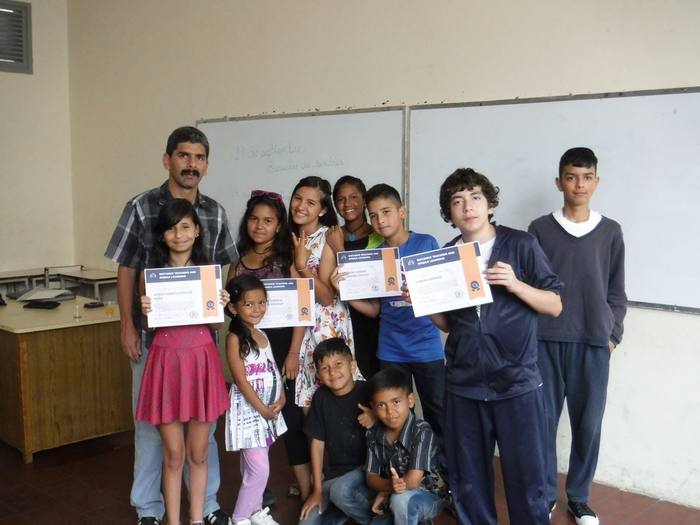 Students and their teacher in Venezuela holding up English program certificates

...

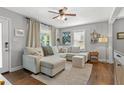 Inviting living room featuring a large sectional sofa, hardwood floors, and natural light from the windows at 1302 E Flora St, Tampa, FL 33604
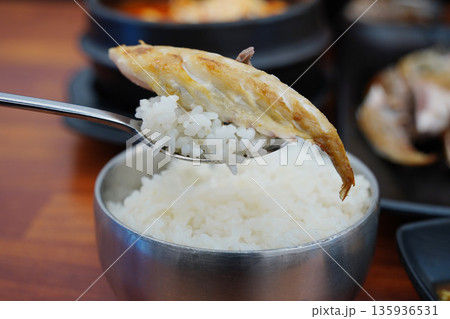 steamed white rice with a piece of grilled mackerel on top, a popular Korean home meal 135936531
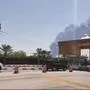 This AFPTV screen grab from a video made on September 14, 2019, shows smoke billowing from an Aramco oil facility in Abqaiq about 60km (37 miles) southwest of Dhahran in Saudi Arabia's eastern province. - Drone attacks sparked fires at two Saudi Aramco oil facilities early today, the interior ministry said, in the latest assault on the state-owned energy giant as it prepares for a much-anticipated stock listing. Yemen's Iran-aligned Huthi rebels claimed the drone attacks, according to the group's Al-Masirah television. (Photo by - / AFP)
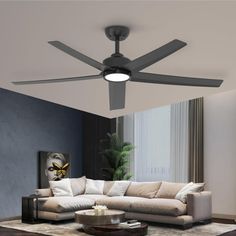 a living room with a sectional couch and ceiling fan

...

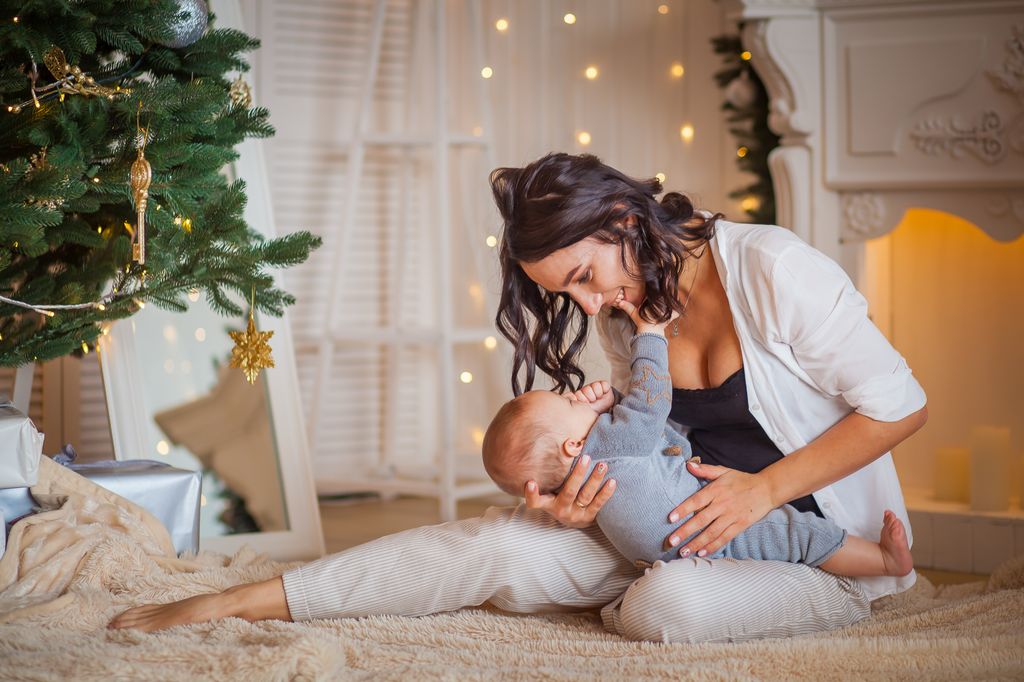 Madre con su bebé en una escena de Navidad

Exercise prompt: Copy out the listing above from the line containing "steamed white rice" to the line containing "a living room", both included, exactly as written and minus the images.

Written response:
 steamed white rice with a piece of grilled mackerel on top, a popular Korean home meal 135936531
 This AFPTV screen grab from a video made on September 14, 2019, shows smoke billowing from an Aramco oil facility in Abqaiq about 60km (37 miles) southwest of Dhahran in Saudi Arabia's eastern province. - Drone attacks sparked fires at two Saudi Aramco oil facilities early today, the interior ministry said, in the latest assault on the state-owned energy giant as it prepares for a much-anticipated stock listing. Yemen's Iran-aligned Huthi rebels claimed the drone attacks, according to the group's Al-Masirah television. (Photo by - / AFP)
 a living room with a sectional couch and ceiling fan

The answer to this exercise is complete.